Archive for the ‘critters’ Category

From another world Sunday, August 8th, 2010

The Hub has been the great forager / waterer / weeder and general wrangler of the garden. We’ve established sort of a hand-off. I start seeds, pruchase plants, plant, water, thin, weed and then he takes over mid-summer, with watering, weeding and the wrangling. I like the dirt, the first tiny weeds easy to wipe away with a scuffle hoe and the planning process, but I hate the sticky grasses that jump up over night in the heat of the summer, the mosquitoes and trying to wrangle a tomato or pumpkin vine resembles something like putting pajamas on an octopus – I get overwhelmed and flee. I think we make a pretty good team.

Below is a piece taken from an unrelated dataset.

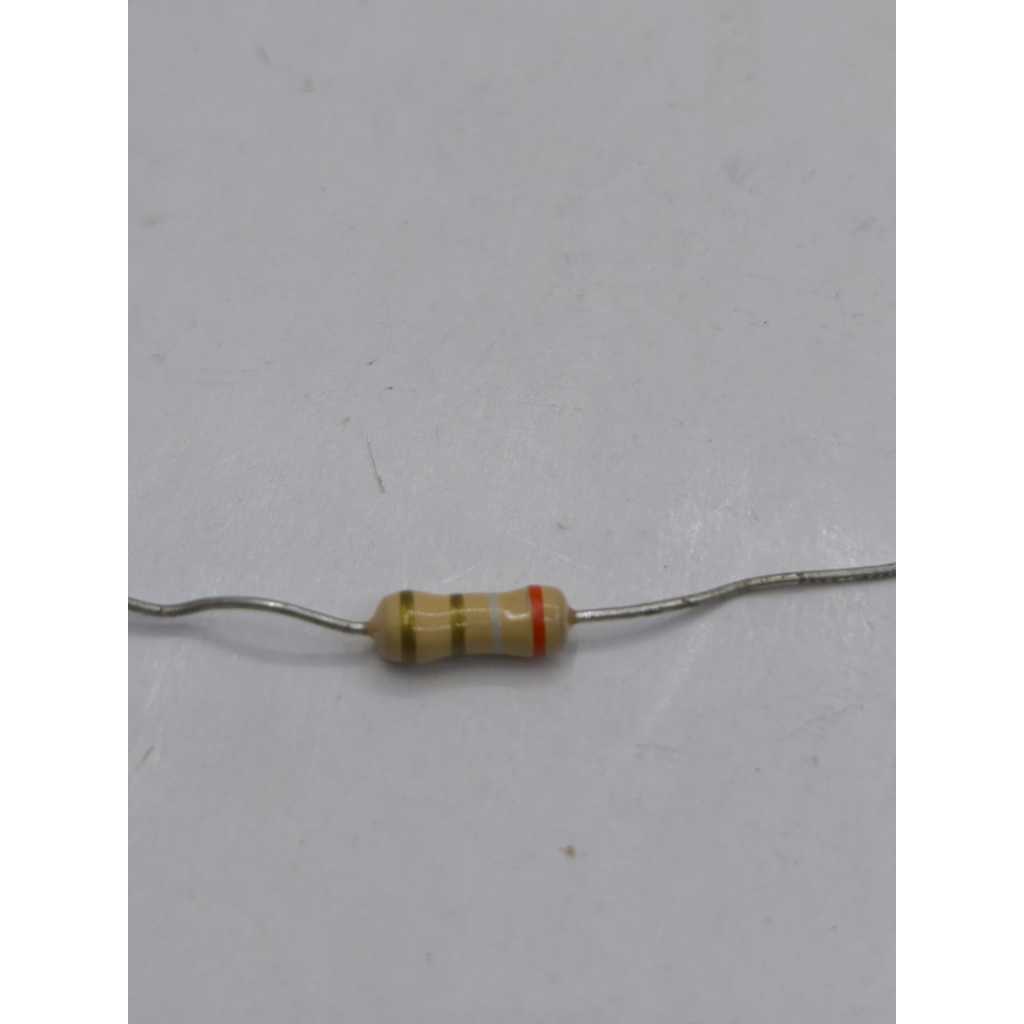 10 ชิ้น RESISTORS 1/2 WATT 3.9ohm / HALF WATT RESISTORS 3.9ohm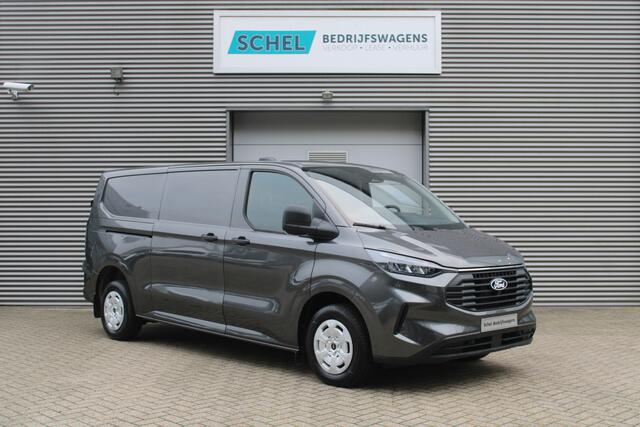 Ford TRANSIT CUSTOM 320 2.5 PHEV L2H1 Trend 232pk - 2x Schuifdeur - Adaptive Cruise - Blind Spot - Navigatie - Camera - Verwarmd Stuur - Rijklaar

So, today The Hub announces the first spotting of a Charentais melon. It was the slowest grower of my vining crops but I’m excited to see if it will come to fruition. Since I was out in the garden already, I did my weekly assessment – walking around, seeing what’s growing, what’s not, etc. And as I was checking out a silly pumpkin, growing off a trellis I’d hoped the beans would use (they didn’t and preferred to entangle themselves into the pumpkin vines and my catalpa) I stumbled upon this fellow

There is something so other-worldly about dragon flies, even more so than other goofy insects. The lace-like wings, helmet-shaped eyes, reed-sectioned tail and dainty legs – straight out of a sci-fi novel. This guy was especially formidable with his wingspan wider than my spread-out hand. We called the children over and they got a look. It’s a wonder what I can find in even my little urban jungle.

easter bunny damage Saturday, April 3rd, 2010

Rabbit damage through the winter. Note the tell-tale litter of "raisins" underneath.

I’ve heard a bit on area-person’s bunny damage. Nipped branches, chewed bark ringing tree trunks at different levels depending on where the snow height was during that particular snack time, and piles of droppings under the most tasty and gluttonous of rabbit-dining experiences (at least they are leaving a very good fertilizer behind).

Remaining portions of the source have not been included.